Updated October 2, 2017
The bridge is the place on the ship where the captain and his crew manage the direction and speed of the ship, as well as other functions of the vessel. The nautical term originated from the narrow, raised platform "bridging" the two sides of a large vessel that allowed a captain access to both sides while commanding the crew.
Modern cruise ships normally have a glass-enclosed bridge on an upper deck near the front of the ship giving the captain and crew a clear view forward. Enclosed or open-air wing-like extensions perch out over both sides, extending the crew's ability to see toward the rear of the ship and even downward to the water through windows in the floor of those "wings."

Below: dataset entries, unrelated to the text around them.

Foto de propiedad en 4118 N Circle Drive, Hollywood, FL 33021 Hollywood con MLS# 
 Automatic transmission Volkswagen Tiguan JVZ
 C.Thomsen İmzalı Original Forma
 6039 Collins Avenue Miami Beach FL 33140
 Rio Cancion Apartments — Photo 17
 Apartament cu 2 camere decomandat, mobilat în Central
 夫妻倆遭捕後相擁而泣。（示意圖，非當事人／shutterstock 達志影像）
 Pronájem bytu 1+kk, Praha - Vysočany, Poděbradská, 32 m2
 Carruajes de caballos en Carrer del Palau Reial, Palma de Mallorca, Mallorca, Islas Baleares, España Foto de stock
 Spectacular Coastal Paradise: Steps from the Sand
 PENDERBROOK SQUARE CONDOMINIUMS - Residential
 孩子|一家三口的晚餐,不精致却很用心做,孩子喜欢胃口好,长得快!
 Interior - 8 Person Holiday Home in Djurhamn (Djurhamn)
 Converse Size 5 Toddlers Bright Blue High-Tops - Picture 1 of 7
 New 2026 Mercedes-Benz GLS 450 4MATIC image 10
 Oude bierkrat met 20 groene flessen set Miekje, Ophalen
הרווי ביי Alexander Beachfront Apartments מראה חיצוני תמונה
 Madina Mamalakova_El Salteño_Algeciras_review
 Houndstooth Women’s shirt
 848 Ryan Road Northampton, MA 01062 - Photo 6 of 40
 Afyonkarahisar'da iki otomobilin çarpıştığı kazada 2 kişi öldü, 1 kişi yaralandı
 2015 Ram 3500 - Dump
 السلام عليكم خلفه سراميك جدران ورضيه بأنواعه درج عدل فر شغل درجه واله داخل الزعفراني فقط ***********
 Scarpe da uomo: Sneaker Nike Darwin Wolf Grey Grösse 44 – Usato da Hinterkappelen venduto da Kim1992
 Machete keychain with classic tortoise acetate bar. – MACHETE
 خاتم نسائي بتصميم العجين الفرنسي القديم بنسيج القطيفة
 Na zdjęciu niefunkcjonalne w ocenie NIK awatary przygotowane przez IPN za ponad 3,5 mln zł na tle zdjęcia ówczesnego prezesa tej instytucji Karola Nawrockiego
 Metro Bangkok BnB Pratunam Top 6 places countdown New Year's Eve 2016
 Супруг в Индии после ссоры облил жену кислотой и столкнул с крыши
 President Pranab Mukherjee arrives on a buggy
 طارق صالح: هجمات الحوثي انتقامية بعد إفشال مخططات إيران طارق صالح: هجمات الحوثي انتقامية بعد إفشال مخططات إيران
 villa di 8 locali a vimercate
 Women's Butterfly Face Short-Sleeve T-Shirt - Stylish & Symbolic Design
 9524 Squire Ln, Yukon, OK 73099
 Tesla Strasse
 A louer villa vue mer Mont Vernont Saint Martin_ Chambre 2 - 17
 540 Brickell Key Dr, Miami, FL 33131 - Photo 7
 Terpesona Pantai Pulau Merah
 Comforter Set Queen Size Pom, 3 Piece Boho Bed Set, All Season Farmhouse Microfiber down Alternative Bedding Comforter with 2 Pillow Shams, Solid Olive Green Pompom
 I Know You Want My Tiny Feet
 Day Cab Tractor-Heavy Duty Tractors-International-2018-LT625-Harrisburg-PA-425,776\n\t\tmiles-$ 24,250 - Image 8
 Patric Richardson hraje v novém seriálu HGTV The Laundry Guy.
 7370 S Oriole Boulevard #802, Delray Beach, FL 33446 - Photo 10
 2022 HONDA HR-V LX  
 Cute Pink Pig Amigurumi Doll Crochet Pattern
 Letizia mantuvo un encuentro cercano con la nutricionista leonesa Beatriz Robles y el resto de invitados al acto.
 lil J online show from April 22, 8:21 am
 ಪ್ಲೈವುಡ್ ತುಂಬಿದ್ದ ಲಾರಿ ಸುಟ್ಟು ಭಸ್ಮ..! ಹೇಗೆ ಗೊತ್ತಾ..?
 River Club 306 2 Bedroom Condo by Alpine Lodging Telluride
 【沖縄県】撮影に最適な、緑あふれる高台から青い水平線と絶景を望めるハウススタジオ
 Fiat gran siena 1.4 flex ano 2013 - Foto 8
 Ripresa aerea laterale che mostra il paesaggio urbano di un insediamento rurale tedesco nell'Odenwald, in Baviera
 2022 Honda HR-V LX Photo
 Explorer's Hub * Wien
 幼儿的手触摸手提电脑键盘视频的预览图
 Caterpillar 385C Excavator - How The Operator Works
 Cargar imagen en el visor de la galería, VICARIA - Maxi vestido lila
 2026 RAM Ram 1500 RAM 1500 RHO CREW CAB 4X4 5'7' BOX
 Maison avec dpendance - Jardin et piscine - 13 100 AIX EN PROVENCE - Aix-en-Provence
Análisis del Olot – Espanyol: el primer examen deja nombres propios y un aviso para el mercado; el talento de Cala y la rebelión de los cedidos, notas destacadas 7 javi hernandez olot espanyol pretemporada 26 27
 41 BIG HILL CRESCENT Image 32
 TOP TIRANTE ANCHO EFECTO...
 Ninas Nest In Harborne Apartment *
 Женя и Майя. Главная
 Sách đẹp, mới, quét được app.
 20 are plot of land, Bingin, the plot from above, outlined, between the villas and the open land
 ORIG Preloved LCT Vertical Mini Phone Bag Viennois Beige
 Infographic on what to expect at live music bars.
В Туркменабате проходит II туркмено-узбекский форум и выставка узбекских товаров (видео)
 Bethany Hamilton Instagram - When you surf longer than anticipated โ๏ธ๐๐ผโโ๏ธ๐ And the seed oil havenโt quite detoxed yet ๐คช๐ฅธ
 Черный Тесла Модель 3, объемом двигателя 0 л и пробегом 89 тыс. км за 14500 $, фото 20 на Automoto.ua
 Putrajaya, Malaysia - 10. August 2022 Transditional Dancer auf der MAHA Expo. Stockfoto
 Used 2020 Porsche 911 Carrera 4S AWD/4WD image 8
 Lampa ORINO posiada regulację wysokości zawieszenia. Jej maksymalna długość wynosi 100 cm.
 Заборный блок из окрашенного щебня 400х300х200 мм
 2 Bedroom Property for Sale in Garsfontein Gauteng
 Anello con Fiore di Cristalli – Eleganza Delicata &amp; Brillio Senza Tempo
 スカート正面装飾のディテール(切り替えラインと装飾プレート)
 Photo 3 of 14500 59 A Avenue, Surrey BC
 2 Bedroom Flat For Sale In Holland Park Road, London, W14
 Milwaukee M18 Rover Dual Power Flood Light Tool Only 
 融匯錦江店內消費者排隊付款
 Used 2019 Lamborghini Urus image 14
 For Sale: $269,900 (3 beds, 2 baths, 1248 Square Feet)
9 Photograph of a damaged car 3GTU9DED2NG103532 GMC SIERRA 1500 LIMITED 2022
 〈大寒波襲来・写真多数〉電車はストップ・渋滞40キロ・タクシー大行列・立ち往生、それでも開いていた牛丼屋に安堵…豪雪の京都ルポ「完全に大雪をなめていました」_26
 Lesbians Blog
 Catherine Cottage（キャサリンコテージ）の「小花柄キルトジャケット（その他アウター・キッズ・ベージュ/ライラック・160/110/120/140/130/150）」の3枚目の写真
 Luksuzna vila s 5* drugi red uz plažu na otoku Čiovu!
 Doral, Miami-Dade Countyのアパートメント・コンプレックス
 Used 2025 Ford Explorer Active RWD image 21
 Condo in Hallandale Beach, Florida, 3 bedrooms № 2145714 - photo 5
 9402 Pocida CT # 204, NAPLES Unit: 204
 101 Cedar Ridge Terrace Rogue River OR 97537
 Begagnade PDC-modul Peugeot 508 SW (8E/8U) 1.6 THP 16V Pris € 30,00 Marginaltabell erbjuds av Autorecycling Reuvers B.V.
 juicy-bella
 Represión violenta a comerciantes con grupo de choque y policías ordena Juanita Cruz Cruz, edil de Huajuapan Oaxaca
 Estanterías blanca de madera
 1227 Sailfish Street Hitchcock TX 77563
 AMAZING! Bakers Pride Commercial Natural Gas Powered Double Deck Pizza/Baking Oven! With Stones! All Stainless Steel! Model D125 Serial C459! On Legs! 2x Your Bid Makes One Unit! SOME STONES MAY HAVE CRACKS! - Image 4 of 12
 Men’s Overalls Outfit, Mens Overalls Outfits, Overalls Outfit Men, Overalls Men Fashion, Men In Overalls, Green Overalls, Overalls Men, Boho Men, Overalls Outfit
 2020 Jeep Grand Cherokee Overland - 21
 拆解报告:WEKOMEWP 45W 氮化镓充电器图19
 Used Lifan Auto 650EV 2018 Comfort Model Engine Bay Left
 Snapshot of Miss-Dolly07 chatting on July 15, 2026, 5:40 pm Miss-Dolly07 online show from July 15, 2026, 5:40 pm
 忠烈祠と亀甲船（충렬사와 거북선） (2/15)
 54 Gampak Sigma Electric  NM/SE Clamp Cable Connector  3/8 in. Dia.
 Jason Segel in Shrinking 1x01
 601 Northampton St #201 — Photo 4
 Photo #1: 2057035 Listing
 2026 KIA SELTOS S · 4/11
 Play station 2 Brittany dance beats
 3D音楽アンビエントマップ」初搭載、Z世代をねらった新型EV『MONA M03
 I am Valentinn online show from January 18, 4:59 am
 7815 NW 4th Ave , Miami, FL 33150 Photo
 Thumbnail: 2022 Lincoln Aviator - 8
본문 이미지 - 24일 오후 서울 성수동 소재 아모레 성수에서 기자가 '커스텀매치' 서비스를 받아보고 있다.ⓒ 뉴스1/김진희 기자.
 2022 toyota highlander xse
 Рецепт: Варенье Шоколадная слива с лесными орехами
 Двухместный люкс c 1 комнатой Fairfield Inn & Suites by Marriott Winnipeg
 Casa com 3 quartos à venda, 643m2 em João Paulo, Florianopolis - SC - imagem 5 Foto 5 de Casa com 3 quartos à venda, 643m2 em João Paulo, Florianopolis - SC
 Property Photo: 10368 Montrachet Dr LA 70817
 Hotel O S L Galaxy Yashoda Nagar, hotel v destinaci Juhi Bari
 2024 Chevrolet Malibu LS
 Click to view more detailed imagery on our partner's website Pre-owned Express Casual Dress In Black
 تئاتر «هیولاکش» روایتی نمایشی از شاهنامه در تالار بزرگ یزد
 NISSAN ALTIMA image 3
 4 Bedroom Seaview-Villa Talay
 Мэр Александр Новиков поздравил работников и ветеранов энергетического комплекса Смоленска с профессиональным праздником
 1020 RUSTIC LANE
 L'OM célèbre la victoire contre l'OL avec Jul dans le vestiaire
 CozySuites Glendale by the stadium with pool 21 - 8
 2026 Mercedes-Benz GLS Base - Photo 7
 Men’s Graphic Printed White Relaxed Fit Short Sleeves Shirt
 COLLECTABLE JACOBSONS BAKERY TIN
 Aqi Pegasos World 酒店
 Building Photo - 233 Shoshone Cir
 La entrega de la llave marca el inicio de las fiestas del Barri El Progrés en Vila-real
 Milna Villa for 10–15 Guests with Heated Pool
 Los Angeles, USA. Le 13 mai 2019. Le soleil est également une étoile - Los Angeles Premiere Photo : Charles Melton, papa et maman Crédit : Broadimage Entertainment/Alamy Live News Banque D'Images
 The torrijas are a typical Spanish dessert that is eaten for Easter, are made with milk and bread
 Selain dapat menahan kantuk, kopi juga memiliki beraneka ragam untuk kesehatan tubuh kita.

On the bridge, the crew will have paper nautical charts as well as computer equipment that controls and reports on the ship's mechanical, electronic and communication systems; its global position; and its route to the next destination. Steering capability is duplicated in several places, both mechanically and electronically, including in the wing extensions where the captain controls the vessel during docking, often with the aid of a pilot brought onboard from the port.
Most cruise ship bridges are off limits to passengers, though some lines do offer bridge tours or visits as part of behind-the-scenes ship tours. Some cruise lines with smaller ships (such as Windstar and Star Clippers) have an open bridge policy, allowing passengers to stop by the bridge and chat with the officers whenever they like -- except during more intense maneuvering such as docking and during bad weather.